In another embodiment of the invention, the ridges and grooves and/or the waveforms may be at least substantially concentric. In other words, the surface area of the first monolithic layer within the closed line may be rippled and have a plurality of concentric waveforms originating from a point within the closed line, and extending outwards to the closed line.

In all the embodiments described herein, it is to be noted that the shape and form of the second monolithic layer is typically, though not necessarily, substantially planar while that of the first monolithic shape, as mentioned, is substantially corrugated and rests on the second monolithic layer when the fluid chamber is deflated. The corrugated shape of the first monolithic layer may be achieved by first manually folding said layer to have, as in the case of the above-mentioned embodiment, concentric waveforms for example. This is then followed by the attaching of the folded first monolithic layer to the substantially planar second monolithic layer along the closed line as mentioned above.

Alternatively, especially in the case of mass production, the first and second monolithic layers may be molded via molding processes such as press-fit molding, injection molding, blow molding, vacuum forming or thermoforming, for example. Generally, the first and second monolithic layers may be formed separately or simultaneously within a suitable mold and attached to each other along the closed line.

The attachment of the first monolithic layer to the second monolithic layer along the closed line, whether the air bag is fabricated by manual means or otherwise, may be carried out by any suitable method. Examples of such suitable methods include, but are not limited to, solvent bonding, ultra-violet (UV) bonding, ultra-sonic bonding, thermal bonding and/or adhesion bonding. These methods may also be employed to attach the first monolithic layer to the second monolithic layer along lines apart from the closed line, details of which follow later on.

In yet another embodiment, the first and second monolithic layers may be of a single layer. In this embodiment, the air bag may also be fabricated manually by having a first portion of the single layer folded over a remaining portion of the single layer. The periphery, or any other part, of the first portion is then attached to the remaining portion along a closed line, such that said first portion and remaining portion, along with the bounded closed line, define therebetween a fluid chamber.

In this embodiment, where the first and second monolithic layers are of a single layer, forming the airbag may also be carried out via a first molding step to form the single layer followed by a second molding step that gives the corrugated shape to the first portion (via thermoforming, for example). Subsequently, the attachment of the shaped first portion to the remaining portion along said closed line may be carried out by any of aforesaid attachment methods.
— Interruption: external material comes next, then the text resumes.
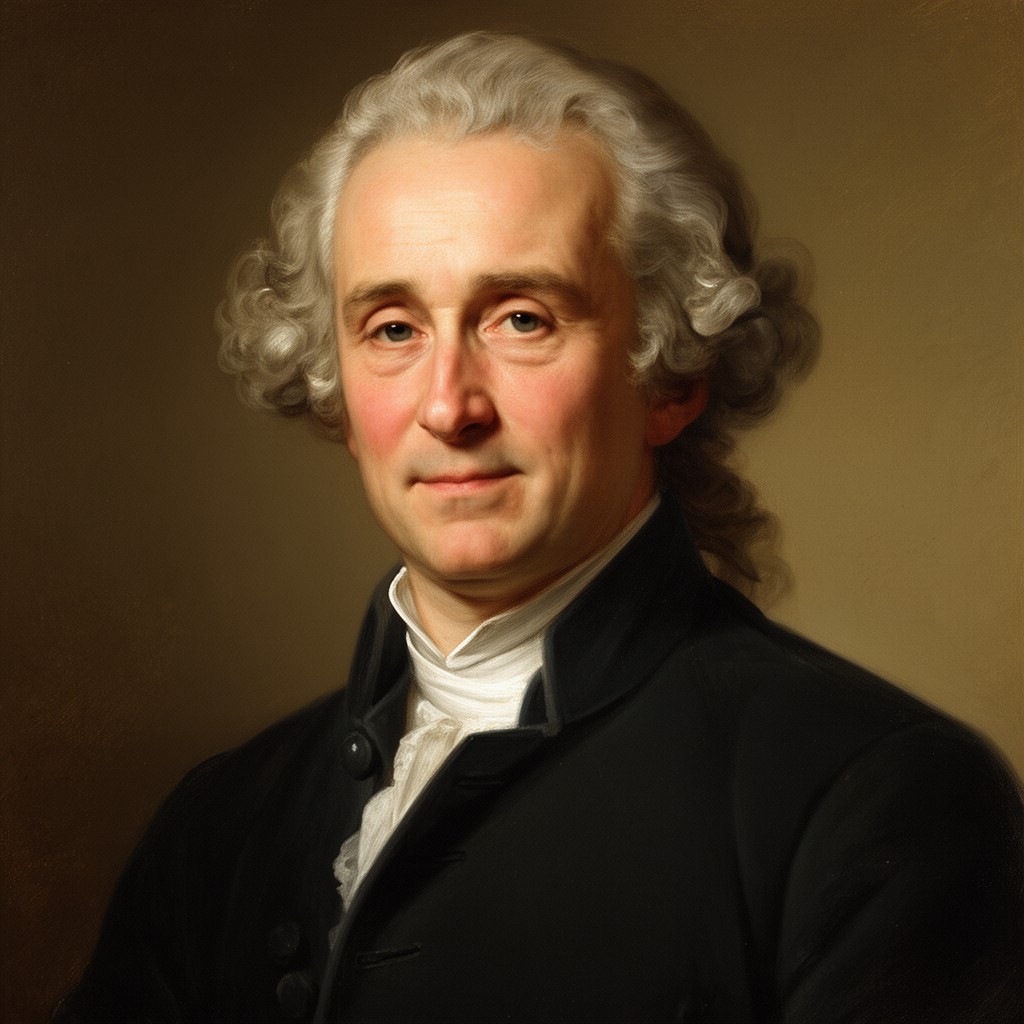 AI-generated illustration of Immanuel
Where the first and second monolithic layer are of a single layer, the first portion of the single layer may be taken to be the first monolithic layer while the remaining portion which is folded under said first portion may be taken to be the second monolithic layer. Accordingly, prior to attaching (or folding) the first portion, said first portion should be suitably shaped, as mentioned above, in order to be at least substantially corrugated. As in the previous embodiments, either the first portion or the remaining portion may include a fluid port, as long as the fluid port is located (on either portion) in a position such that when the fluid chamber is defined as described above, said fluid port is in fluid communication with the fluid chamber, which is defined by the first portion and the remaining portion bounded by the closed line.

In a further embodiment of the invention, the first monolithic layer may include at least one node located on its outer surface and within the closed line. The node is typically a hardened part that is situated such that it is driven into a body of a user when the fluid chamber is inflated. As such, the node itself may have a pointed tip, or a parabolic tip or any other suitably shaped tip for it to apply or enhance the massage force to a body when the fluid chamber is inflated.

In one embodiment of the invention, the first and second monolithic layers are further attached to each other along at least one attachment line. The attachment line is within the closed line and thus, sub-divides the fluid chamber into at least two sub-chambers. In one exemplary embodiment, the attachment line may be another closed line that defines one of the sub-chambers. As it is a closed line, no fluid communication between the sub-chambers is possible. Accordingly, the fluid chamber defined by the closed attachment line includes at least one fluid port in fluid communication therewith. It follows that in a further exemplary embodiment, where a plurality of closed attachment lines are present, each sub-chamber defined by said closed attachment lines includes its own fluid port in fluid communication on therewith.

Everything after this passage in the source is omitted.